Meditation gives us a finer edge and a more effective focus
in doing just that. It provides us
with the tools that we need in order to not just wish that we could face our
fears more directly but to actually achieve this in a relaxed yet highly
effective manner.
The
first step is learning
how to successfully focus. One
of the most basic techniques found in almost every meditation tradition in the
world is what we call in SPA the
principle of gentle persistence—
Gentle Commitment to Focus.
Here's how it works— We choose
to commit to trying to keep ones mind focused on a particular point, feeling,
or perhaps the words of a person in an Social Phobics
Anonymous support group who is talking at the moment.

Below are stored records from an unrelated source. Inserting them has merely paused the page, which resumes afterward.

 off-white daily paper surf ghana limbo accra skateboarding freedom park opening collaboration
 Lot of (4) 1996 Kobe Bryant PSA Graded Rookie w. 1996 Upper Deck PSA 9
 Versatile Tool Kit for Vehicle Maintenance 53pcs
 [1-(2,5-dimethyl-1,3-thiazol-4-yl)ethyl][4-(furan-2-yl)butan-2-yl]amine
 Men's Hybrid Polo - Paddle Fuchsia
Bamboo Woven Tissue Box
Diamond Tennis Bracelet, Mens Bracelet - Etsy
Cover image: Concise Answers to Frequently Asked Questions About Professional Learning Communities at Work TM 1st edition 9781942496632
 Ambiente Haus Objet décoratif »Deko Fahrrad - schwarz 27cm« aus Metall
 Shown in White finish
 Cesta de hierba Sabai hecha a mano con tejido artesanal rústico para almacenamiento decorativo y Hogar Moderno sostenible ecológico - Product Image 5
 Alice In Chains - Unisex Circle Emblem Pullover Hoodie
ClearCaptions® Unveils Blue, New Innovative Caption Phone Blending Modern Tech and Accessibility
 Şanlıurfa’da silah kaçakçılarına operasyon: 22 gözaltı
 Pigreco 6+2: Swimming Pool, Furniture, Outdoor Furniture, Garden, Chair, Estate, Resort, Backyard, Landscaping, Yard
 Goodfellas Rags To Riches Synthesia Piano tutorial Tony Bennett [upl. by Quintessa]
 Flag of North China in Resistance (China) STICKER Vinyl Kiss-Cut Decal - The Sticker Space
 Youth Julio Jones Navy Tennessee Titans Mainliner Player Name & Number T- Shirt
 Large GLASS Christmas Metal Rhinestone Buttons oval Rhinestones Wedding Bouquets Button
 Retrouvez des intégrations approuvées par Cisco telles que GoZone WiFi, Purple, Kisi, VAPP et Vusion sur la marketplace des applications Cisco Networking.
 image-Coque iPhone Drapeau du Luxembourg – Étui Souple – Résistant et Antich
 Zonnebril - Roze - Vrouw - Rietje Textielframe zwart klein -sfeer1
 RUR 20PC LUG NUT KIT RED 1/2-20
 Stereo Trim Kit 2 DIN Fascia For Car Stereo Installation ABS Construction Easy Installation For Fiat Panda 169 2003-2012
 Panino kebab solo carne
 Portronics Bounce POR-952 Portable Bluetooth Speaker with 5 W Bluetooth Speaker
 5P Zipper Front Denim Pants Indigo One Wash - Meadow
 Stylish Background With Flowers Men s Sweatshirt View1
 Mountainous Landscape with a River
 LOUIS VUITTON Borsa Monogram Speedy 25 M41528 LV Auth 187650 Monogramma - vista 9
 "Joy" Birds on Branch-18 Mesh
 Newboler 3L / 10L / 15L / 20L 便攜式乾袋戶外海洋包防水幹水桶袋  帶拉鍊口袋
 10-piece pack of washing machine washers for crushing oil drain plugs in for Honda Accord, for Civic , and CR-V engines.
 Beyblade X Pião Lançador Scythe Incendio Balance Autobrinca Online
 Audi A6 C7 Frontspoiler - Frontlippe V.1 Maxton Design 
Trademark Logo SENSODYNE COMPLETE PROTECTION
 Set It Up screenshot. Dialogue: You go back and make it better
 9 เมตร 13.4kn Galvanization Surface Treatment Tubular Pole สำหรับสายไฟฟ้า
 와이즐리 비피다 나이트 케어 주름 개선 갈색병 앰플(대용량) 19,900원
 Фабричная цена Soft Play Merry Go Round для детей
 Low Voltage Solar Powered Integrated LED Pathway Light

In all cases we can fully expect to be
distracted over and over again by intervening thoughts and emotions— however if whenever we are distracted,
we gently and persistently bring our attention back to whatever we have committed
to remaining focused on— our focus will eventually strengthen and become
more steady.
Simply by staying
committed to gently accepting each distraction softly bringing our focus back
to whatever we have committed our attention to, our state of mind will eventually
change very significantly. We will
become more deeply relaxed, less distracted towards the negative and our
awareness will widen as our thoughts no longer race. We will experience a new
way of peaceful being, or strengthen a way of being that was previously only
fleeting for us.
Another approach is to focus directly on difficult feelings
when we meditate—
For instance, perhaps the worst piece of anxiety in our
body. This may be hard to sustain
at first, but practicing the principle of gentle persistence will get us to
this place of steady focus directly on a very difficult feeling or
emotion.
This focusing practice can dramatically reduce our
fears. Here's how: first our
anxiety will actually increase as we steadily focus on it. However this will not last for long. Once the fear peaks out it then drops
precipitously. It actually ends up
at a level far lower than before we started our meditation exercise.
All of the above approaches, as well as many others, can not
only reduce anxiety significantly but can help to quiet worrisome minds as
well.
Meditation
options are limitless. The above are only starting
points and are not meant to constrain SPA members— Each of us is free to choose our own meditative path or to
not follow it at all without pressure from other group members.